Observe that we do not need to consider cases where π_i ~ π_l or π_j ~ π_k in π, because in the worst scenario these slice-misplaced pairs will not be removed.

Lemma 2 Let π_i be an element in π such that $s l i c e (ι, π_{i}) = ⌈\frac{n}{2}⌉$ . If $s l i c e (π, π_{i}) \neq ⌈\frac{n}{2}⌉$ , then there is at least one inversion ρ such that Δ_SMP (π, ρ) < 0. □

Proof If π_i is the only element having $s l i c e (ι, π_{i}) = ⌈\frac{n}{2}⌉$ or if it occurs that $s l i c e (π, π_{i}) \geq s l i c e (π, π_{j})$ for π_i, π_j such that $s l i c e (ι, π_{i}) = s l i c e (ι, π_{j}) = ⌈\frac{n}{2}⌉$ , then π_i will form a slice-misplaced pair with all possible element π_k such that slice(π, π_k) > slice(π, π_i). Therefore, it is straightforward from Lemma 1 that at least one inversion ρ such that Δ_SMP (π, ρ) < 0 exists as long as $s l i c e (π, π_{i}) \neq ⌈\frac{n}{2}⌉$ .
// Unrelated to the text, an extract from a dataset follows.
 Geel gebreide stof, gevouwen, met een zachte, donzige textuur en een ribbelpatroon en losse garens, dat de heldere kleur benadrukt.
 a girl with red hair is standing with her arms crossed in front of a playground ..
If $π_{i} = ⌈\frac{n}{2}⌉$ and |i - j| ≠ 1, it is straightforward from Lemma 1 that we can move π_j toward the slice. When |i − j| = 1 we apply the inversion ρ(i, k) if i < k or ρ(k, i) if k < i, where k = n − j + 1. □

Lemma 3 Let π = (π₁ π₂ ... π_n) be a permutation such that Lemmas 1 and 2 find no inversion that decreases the number of slice-misplaced pairs, then π has the form:

F o r n o d d \{\begin{gathered} s l i c e (i, π_{1}) \leq s l i c e (i, π_{2}) \leq \dots \leq s l i c e (i, π_{\frac{n - 1}{2}}) < s l i c e (i, π_{\frac{n + 1}{2}}) \\ s l i c e (i, π_{\frac{n + 1}{2}}) > s l i c e (i, π_{\frac{n + 1}{2} + 1}) \geq \dots \geq s l i c e (i, π_{n - 1}) \geq s l i c e (i, π_{n}) \end{gathered}

F o r n e v e n \{\begin{gathered} s l i c e (i, π_{1}) \leq s l i c e (i, π_{2}) \leq \dots \leq s l i c e (i, π_{\frac{n}{2} - 1}) < s l i c e (i, π_{\frac{n}{2}}) \\ s l i c e (i, π_{\frac{n}{2}}) = s l i c e (i, π_{\frac{n}{2} + 1}) \\ s l i c e (i, π_{\frac{n}{2} + 1}) > s l i c e (i, π_{\frac{n}{2} + 2}) \geq \dots \geq s l i c e (i, π_{n - 1}) \geq s l i c e (i, π_{n}) \end{gathered}

Proof Lemma 2 implies that if n is odd, then $π_{\frac{n + 1}{2}}$ is in the highest slice in ι. The same occurs with the elements $π_{\frac{n}{2}}$ and $π_{\frac{n}{2} + 1}$ that should be in the highest slice in ι if n is even. We know that π_i ≁ π_i+1, otherwise one could find ρ such that Δ_SMP (π, ρ) < 0 using the Lemma 1. That leads to the elements being ordered according to theirs slices in ι as shown. □

Lemma 4 Δ_SMP (π, ρ) = 0 for any perfectly symmetric inversion ρ(i, j) such that j = n − i + 1.

Proof Inversions ρ(i, j) such that j = n − i + 1 have no effect in the slice of any element in π. That said, no slice-misplaced pair will be created or removed whatsoever.

Lemma 5 Let π be a permutation such that SMP (π) = 0, then slice(π, π_i) = slice(ι, π_i) for any 1 ≤ i ≤ n. In this case, perfectly symmetric inversions can sort π if it is unsigned and perfectly symmetric plus unitary inversions should be enough to sort π if it is signed.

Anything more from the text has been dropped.